- What is needed: All of the data should be restated word for word, with the pictures omitted.

- Dataset section:
----
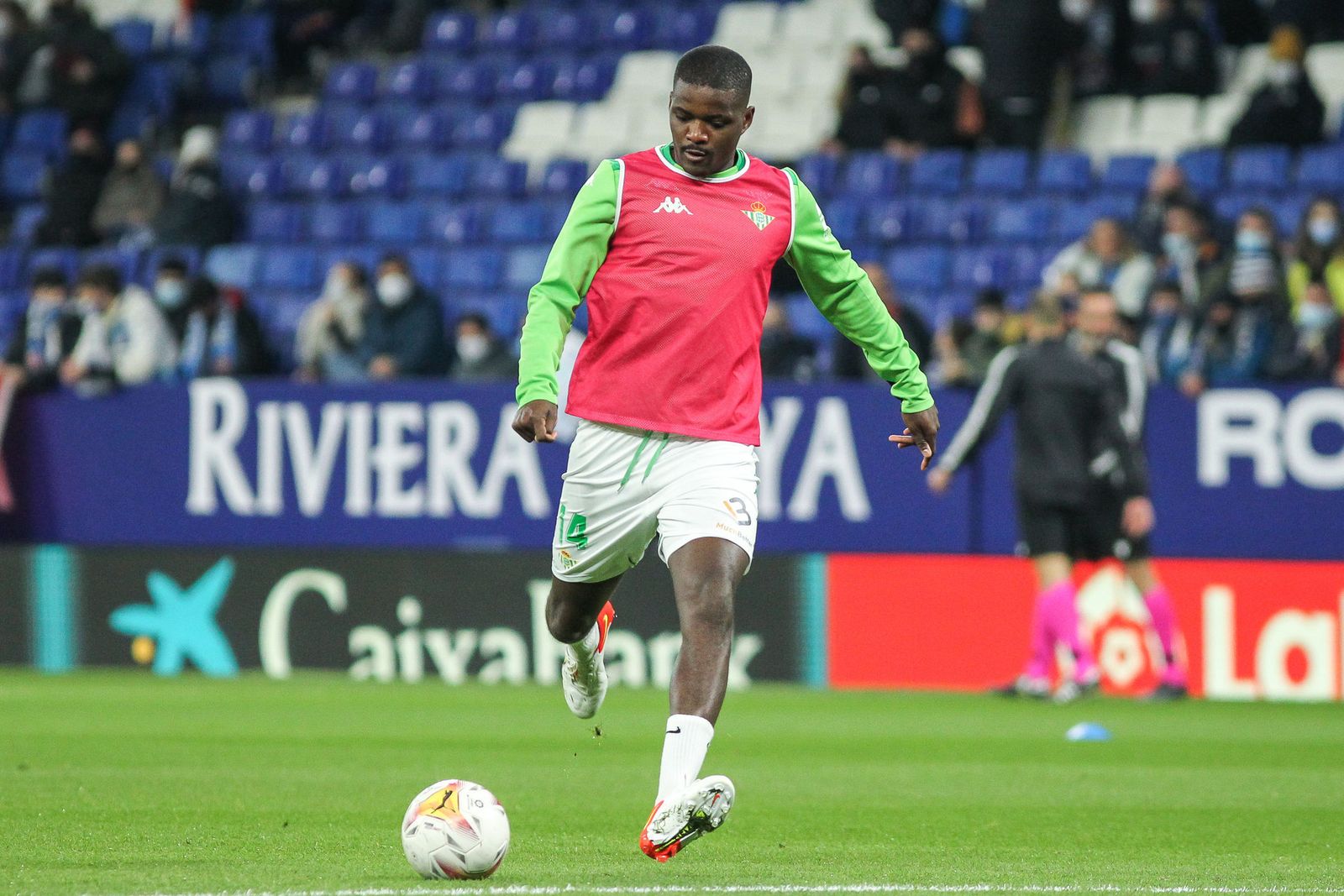 William Carvalho, en el calentamiento en el RCDE Stadium.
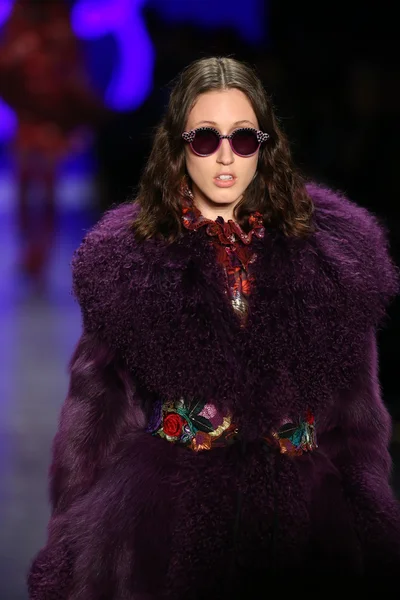 Anna Sui őszi 2016 Térkép — Stock Fotó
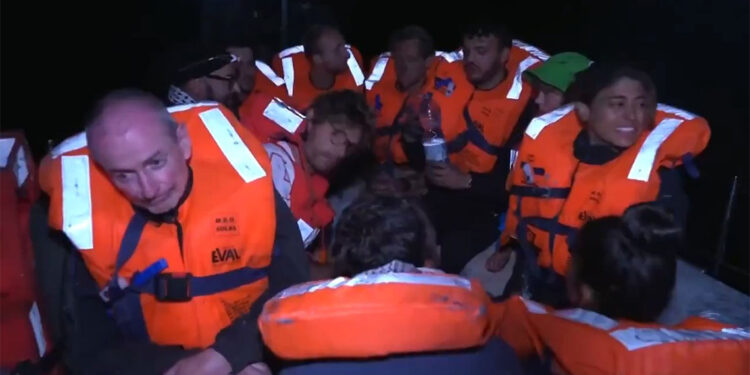 İsrail, Madleen gemisinin Gazze'ye ulaşmasını engelledi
----
- Solution:
 William Carvalho, en el calentamiento en el RCDE Stadium.
 Anna Sui őszi 2016 Térkép — Stock Fotó
 İsrail, Madleen gemisinin Gazze'ye ulaşmasını engelledi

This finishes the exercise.